RMSD (nm) threshold between central structures for RMSD cluster metric method.

It is used with -cmetric rmsd. In each iteration, RMSD between all central structures are calculated. If any RMSD value is within the input RMSD (nm) threshold, number of clusters is decreased by one in next iteration.

It is assumed that when RMSD between two central structures are within the threshold, central structures are similar enough to merge the two clusters as a single cluster. However, it is not necessary that these two clusters will merge in next iteration.


-ssrchange 2.0

Threshold relative percentage change in SSR/SST ratio to choose number of clusters automatically. This threshold gives potential position of Elbow in Elbow method.

Note

This option is only used when -cmetric ssr-sst is provided as input.


-sil_ssize 20

Percentage of number of frames to be considered as sample size for silhouette score calculation. If its value is -1, sampling is not considered.


-db_eps 0.5

The maximum distance between two samples for them to be considered as in the same neighborhood.


-db_min_samples 20

The number of samples (or total weight) in a neighborhood for a point to be considered as a core point. This includes the point itself.


-nminfr 20

Number of minimum frames in a cluster to output it as trajectory. If number of frames is less than this number, the cluster will be ignored.


-fit/-nofit

Enable fitting and superimposition of the atoms groups different from RMSD/clustering group before RMSD calculation. If Enabled, index group for fitting will be prompted. Otherwise, fitting will be performed with RMSD/clustering group.


-fit2central/-nofit2central

Enable/Disable trajectory superimposition or fitting to central structure in the output trajectory. Atoms group used for fitting depends on -[no]fit option. If -nofit, second input index group (RMSD/clustering group) will be used for fitting otherwise third index group will be used for fitting.


-outframe -1

Number of maximum frames in the output trajectories. It can be helpful to get output trajectory with only structures around the central structure.


-sort none

Sort trajectory according to these values.

Accepted methods are:
  • -sort none : Ouput trajectory will not be sorted

  • -sort rmsd

    Sort trajectory according to RMSD with respect to central structure. Therefore, obtained trajectory’s first frame will be central structure and RMSD will increase gradually after first frame.

  • -sort rmsdist

    Sort trajectory according to distance-matrix RMSD with respect to central structure. Therefore, obtained trajectory’s first frame will be central structure and distance-matrix RMSD will increase gradually after first frame.

  • -sort features

    Sort trajectory according to features sub-space. Distance of each conformation to respective central structure is calculated in feature-space and Trajectory is written from lowest to highest distance. In this trajectory, first frame will be central structure.
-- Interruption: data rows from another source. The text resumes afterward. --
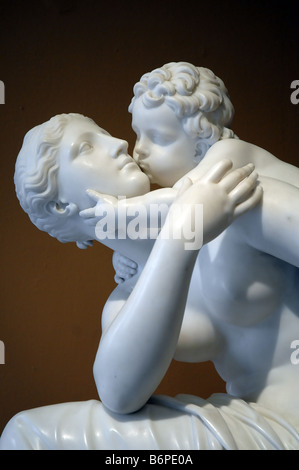 "L'affection maternelle", statue en marbre par Edward Hodges Baily, 1837. Mère et enfant sont dans l'apparence de la déesse et putto Banque D'Images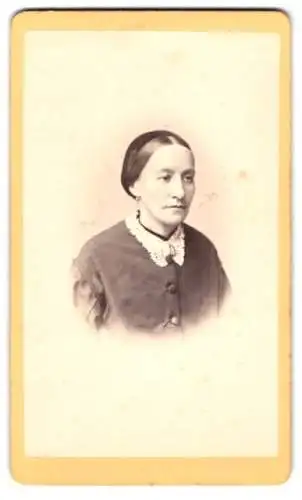 Fotografie N. A. Dietz, München, Sendlingerthorplatz Nr. 6 a/0, Portrait einer Dame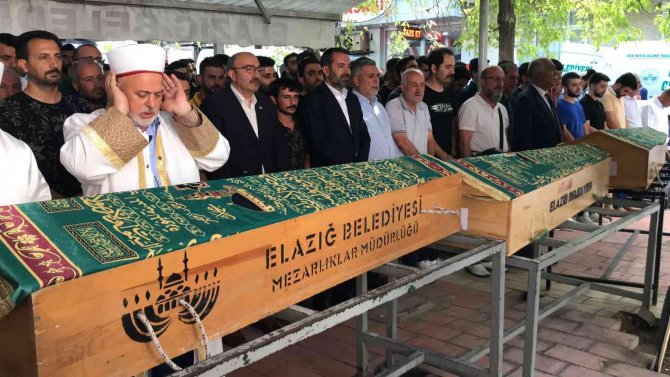 Baba, Oğul Ve Amca Son Yolculuklarına Uğurlandı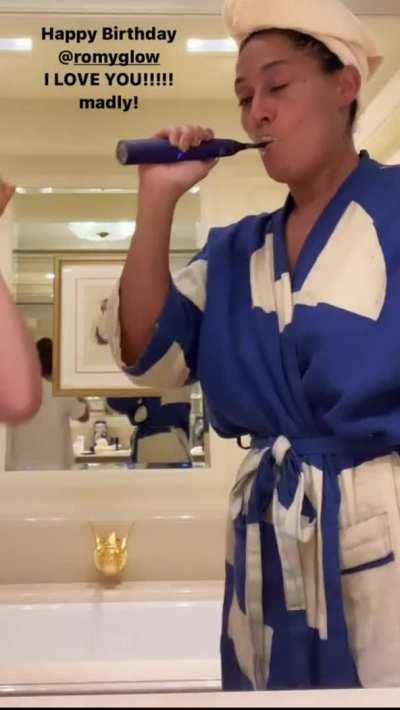 Tracee showing off her no-gag reflex skills...🔥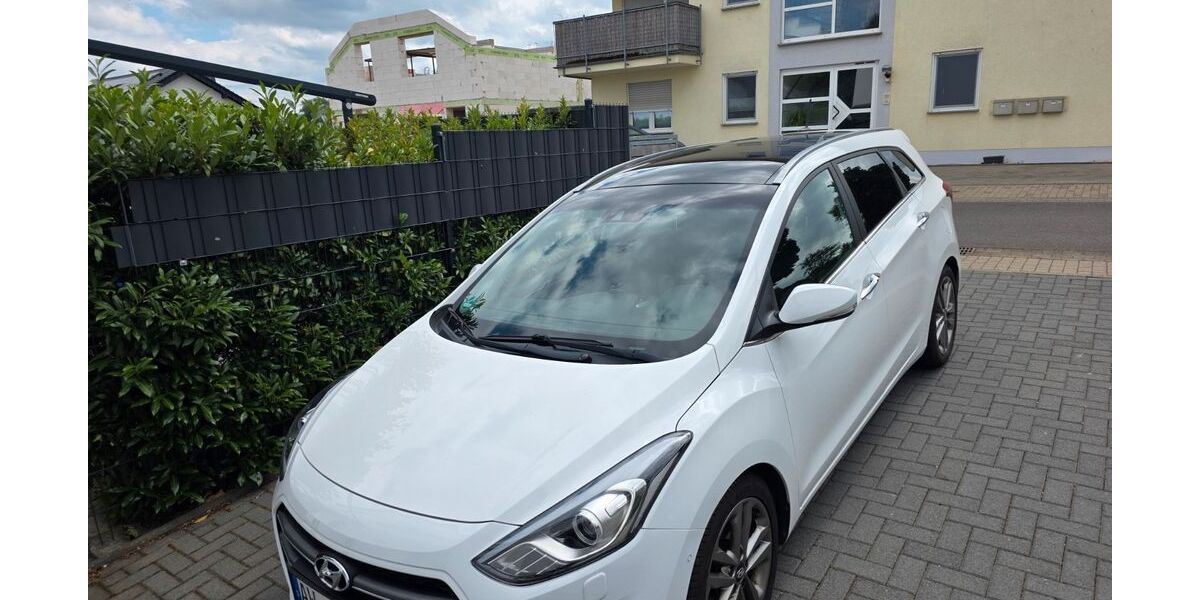 Hyundai i30 160.000 km 10.700 &euro; Grafschaft 53501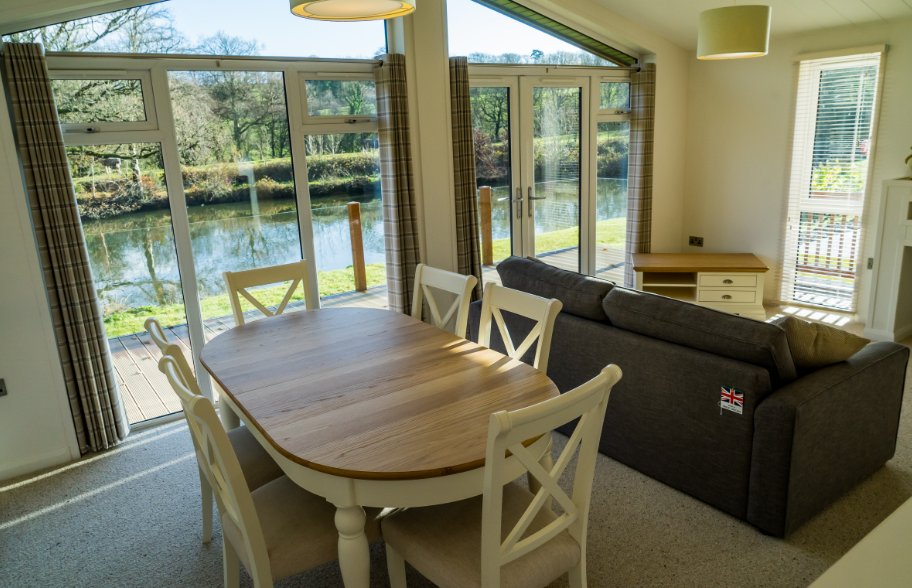 Lakeviewlodges's tweet photo. Our new #ShowHome is ready for viewing and we maybe biased but we think it's beautiful! https://t.co/lVulnvaoCx https://t.co/fmFSIU0O0R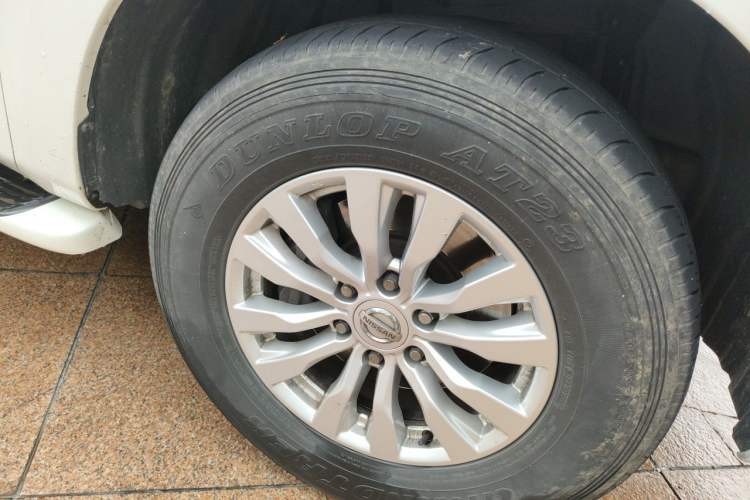 Used Nissan Patrol  Right Front Wheel Hub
    This option is very useful when features are other than PCA’s projections of eigenvector.

  • -sort user

    Sort trajectory using values supplied by user. Not yet implemented.


-plot pca_cluster.png

To plot features vs featrues with clusters in this file.

Plot is generated where feature-vs-feature are depicted with different clusters as colors. It is helpful in checking whether number of clusters is enough.

See also

Similar types of plots can be obtained using featuresplot sub-command.